A single transpacific container shipment cost $19,000 in 2021, then $14,500 in 2022 as the intentional slowdown began.  Now it’s only $3,900 as entire fleets of cargo shipments are cancelled due to lack of demand by U.S. purchasers.

Folks, get ready…. because it’s not going to get better.  Prior farm costs, an outcome of energy price increases, are now reaching the supply chain. Food costs will continue increasing throughout the holiday season.

(Wall Street Journal) […] Trans-Pacific shipping rates have plummeted roughly 75% from year-ago levels. The transportation industry is grappling with weaker demand as big retailers cancel orders with vendors and step up efforts to cut inventories.
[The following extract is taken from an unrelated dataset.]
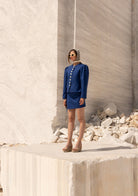 Tiny-Mavi önü Düğmeli Vatkalı Büzgülü Ceket-Ceket-3-Milagron.com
FedEx Corp. recently said it would cancel flights and park cargo planes because of a sharp drop in shipping volumes. On Thursday, Nike Inc. said it was sitting on 65% more inventory in North America than a year earlier and would resort to markdowns.

[…] One response to the melting demand has been to reduce sailing trips. In September, container capacity offered by ship operators in the Pacific was down 13%, dropping the equivalent of 21 ships that can each move 8,000 containers in a single voyage, from a year earlier, according to shipping-data providers Xeneta and Sea-Intelligence.

For the two weeks starting Oct. 3, a total of about 40 scheduled sailings to the U.S. West Coast from Asia and 21 sailings to the East Coast from Asia have been scrapped, according to the data companies as well as customer advisories viewed by The Wall Street Journal. Typically at this time of year, an average of two to four sailings a week are blanked, the industry’s term for canceled sailings.

[…] “In the first week of October, one-third of previously announced capacity will be blanked and for the second week, it will be around half,” said Peter Sand, chief analyst at Xeneta. “The downturn pace in recent weeks has been very fast and it looks like carriers misread the low volumes of a nonexistent peak season.”

The period between late summer and early fall typically is the busiest time of year for the largest carriers, as retailers and other importers build inventories ahead of the holiday shopping season. (more)

All of this has to do with the intentional destruction of the oil, coal and gas industry.  Western national economic collapse is a feature of the Build Back Better agenda.  The economy will continue to be lowered until it small enough to be replaced by “climate friendly” energy resources, windmills and solar farms.

The more consumers demand to keep their standard of living, the harder the central banks will squeeze to inflict the pain.  The western leaders and their banking benefactors do not want us owning things that require energy resources.  The economic pain will continue (in western nations) until citizens acquiesce to eating bugs and sustainable algae cakes, while taking mass transportation instead of personal vehicles.